* [INPUT MATERIAL]

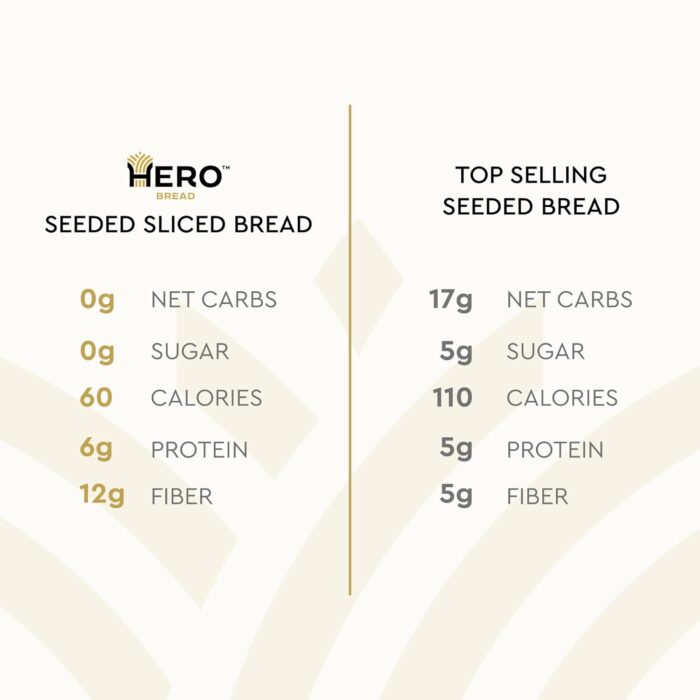 Hero Seeded Bread — Delicious Bread with 1g Net Carb, 0g Sugar, 60 Calories, 12g Fiber per Slice | Tastes Like Regular Bread | Low Carb & Keto Friendly Bread Loaf — 15 Slices/Loaf, 4 Loaves - Image 4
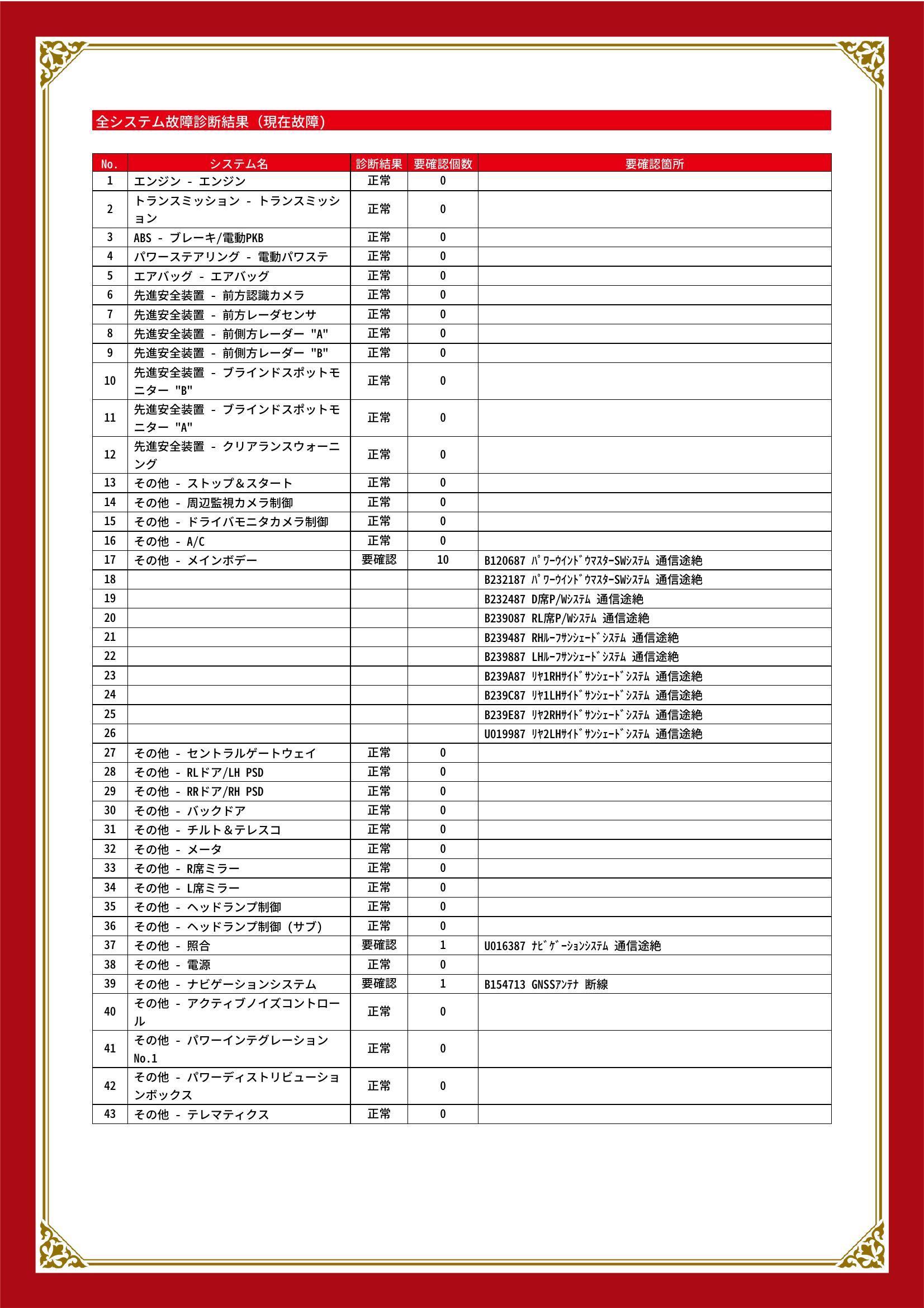トヨタ　ヴェルファイア　グー故障診断（コンピュータ診断）　その他　愛知県　知立市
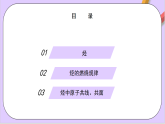 7.2.2烴  課件+分層作業(yè)（原卷+解析卷）
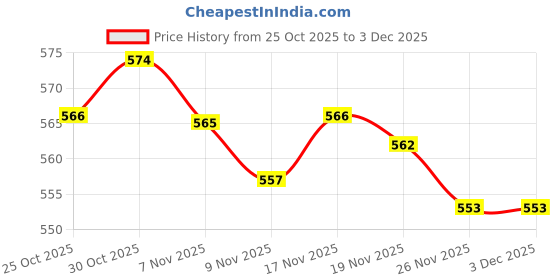 amazon.in ARTISOUL® Sphere Ball Shape Silicone Mold Mould for Resin Casting DIY Ornament 50Mm | Multi-Purpose Craft Supplies | Crafting Pieces | Resin Craft Molds & Supplies Price History Graph from 25 Oct 2025 to 3 Dec 2025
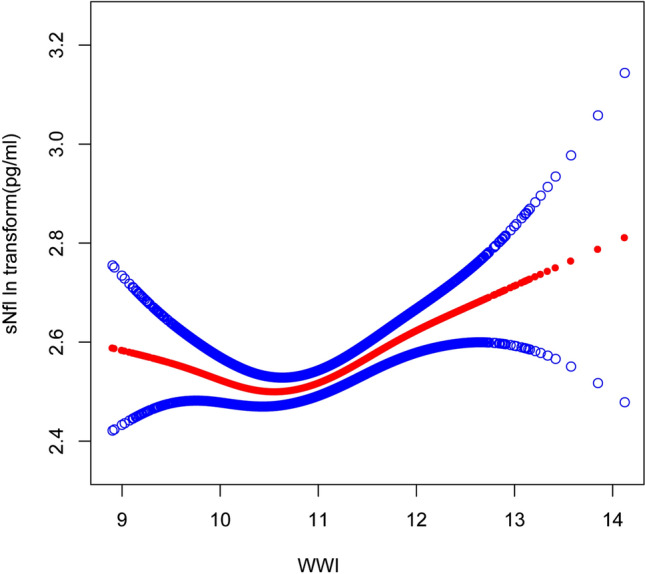 Association of weight-adjusted waist index (WWI) and a body shape index (ABSI) with serum neurofilament light chain levels in a national study of U.S. adults.
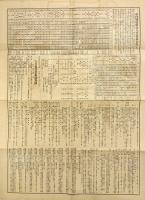 大阪市街図 附人力車賃金表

* [HOW TO COMPLETE THIS TASK] Word for word, restate only the lines from the one bearing "amazon.in ARTISOUL® Sphere" through the final line of the listing, inclusive, with no pictures.

* [SOLUTION TO THE PROBLEM]
 amazon.in ARTISOUL® Sphere Ball Shape Silicone Mold Mould for Resin Casting DIY Ornament 50Mm | Multi-Purpose Craft Supplies | Crafting Pieces | Resin Craft Molds & Supplies Price History Graph from 25 Oct 2025 to 3 Dec 2025
 Association of weight-adjusted waist index (WWI) and a body shape index (ABSI) with serum neurofilament light chain levels in a national study of U.S. adults.
 大阪市街図 附人力車賃金表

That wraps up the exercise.